I've made some knife scales but I've never made a blade so I won't attempt to say I'm a knifemaker. But what I am is a structural engineer and I've done some study and research into fatigue and fracture.
So back to hardness- the primary property of steel is its yield strength. All of us have taken a piece of wire and bent it. You bend it a little bit and let go, it straightens back to its original position. You bend it more and it keeps a permanent deformation. The point at which it starts to permanently deform is the yield stress limit. You bend it a lot more and it deforms further, or if it's a high strength wire maybe it eventually breaks. How far it deforms before it breaks is its ductility. The point at which it breaks is its ultimate strength, or fracture strength. Very high strength steels can never have an actual yield point, they just get to a point where they can fracture. If instead of a wire we had a bar and we pushed on it with a pointed object- at the point where the pointed object leaves a mark is related to the yield strength.
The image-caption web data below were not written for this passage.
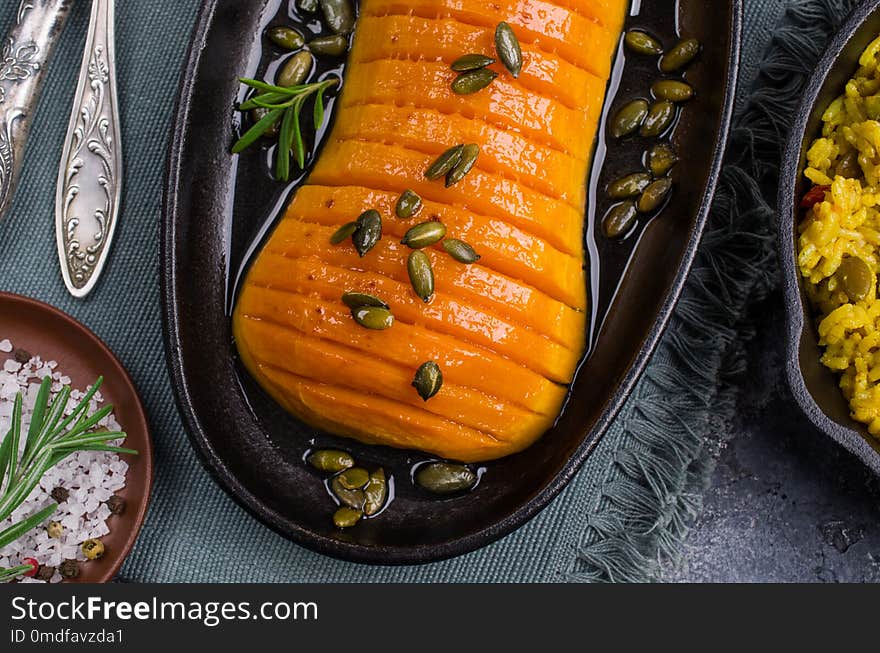 Roasted Butternut squash with spicy rice in a dish on the table. Selective focus.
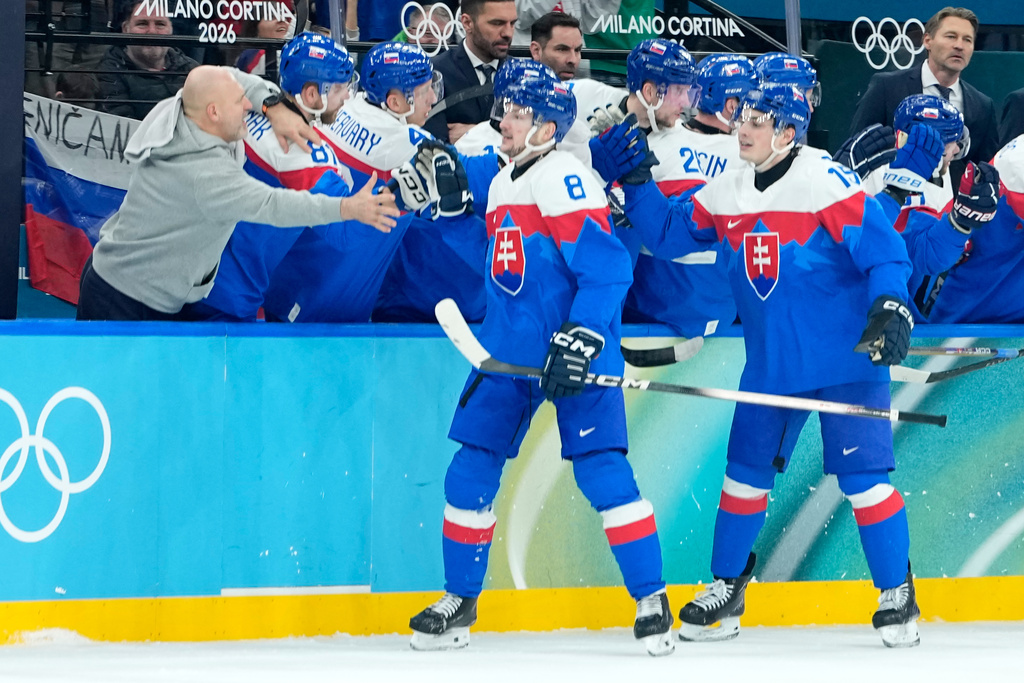 Slovakia's Oliver Okuliar (8) and Slovakia's Dalibor Dvorsky (15) celebrate their side's third goal during a men's ice hockey quarterfinal game between Slovakia and Germany at the 2026 Winter Olympics, in Milan, Italy, Wednesday, Feb. 18, 2026. (AP Photo/Petr David Josek)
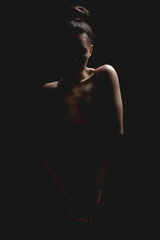 Naklejka premium Woman silhouette in dark. Beautiful Brunette Girl over black background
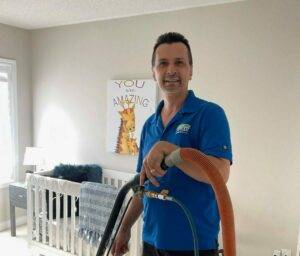 Employee of Amazing Results doing a professional steam cleaning on a carpet in a baby's nursery.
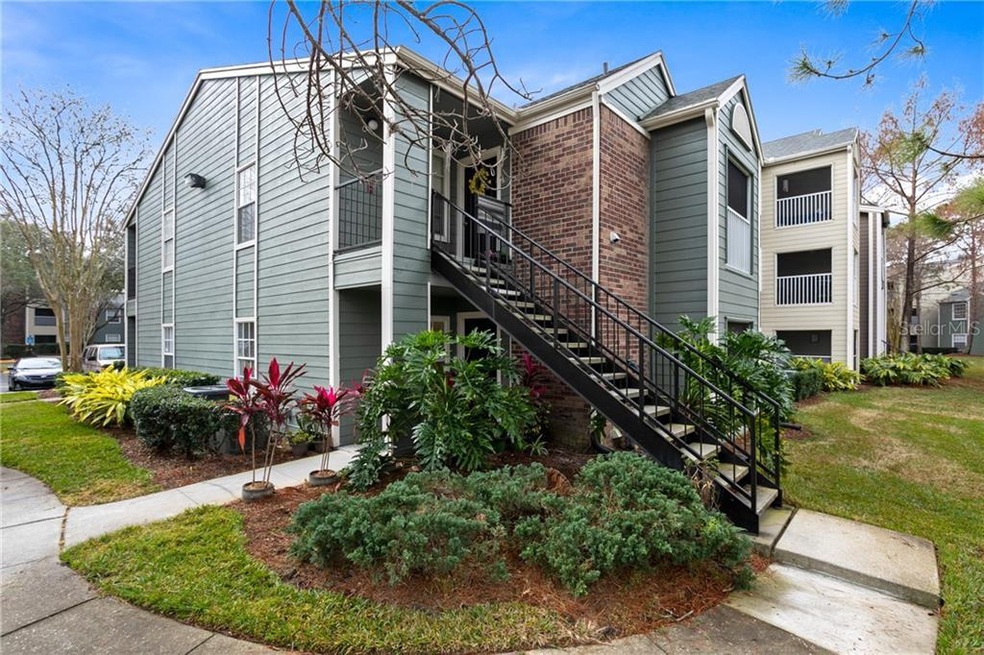 WELCOME HOME! Lush, updated landscaping greets you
Take a steel with higher yield strength and it will be harder to leave a mark on it so we think it is harder steel. So hardness is nothing more than a measure of the yield strength. I should say if you throw a lot of carbides in there it can make the steel seem harder without increasing its yield strength.
Now remember what we said about ductility- toughness is mostly a measure of ductility. Also, despite the old fashioned test used to measure toughness, toughness has nothing to do with impact. Somebody 100 years ago could have just as well come up with a different way of measuring toughness without using impact.
How to relate this to edge stability- whatever you are putting the edge against, at whatever speed, puts various types of stresses in the steel. There will likely be tension stress- if that point of the steel reaches the yield stress limit then the edge rolls. (You roll it far enough it can eventually fracture.) If it's a steel that is higher strength (harder) but doesn't have a yield point, you have to put more force on the edge to get the stress higher but eventually you reach a point where the tension stress reaches the fracture point and the edge chips. So the rolling point for a less hard steel occurs before the fracture point for a harder steel. This is why hardness gives higher edge stability.
If you want to discuss the entire knife and not just the edge then toughness can come into play in other ways. Blades can have saw teeth, choils, holes, corners where the tang necks down, notches for locking mechanisms, lots of places that cause stress concentrations. If a blade has low ductility (toughness) then when the stress at one of the stress concentrations reaches the fracture stress then the blade fractures. If a blade has lower strength but more toughness, when this point in the blade reaches its yield limit it just yields a little bit and doesn't initiate a fracture. This is the advantage of toughness in a blade as a whole.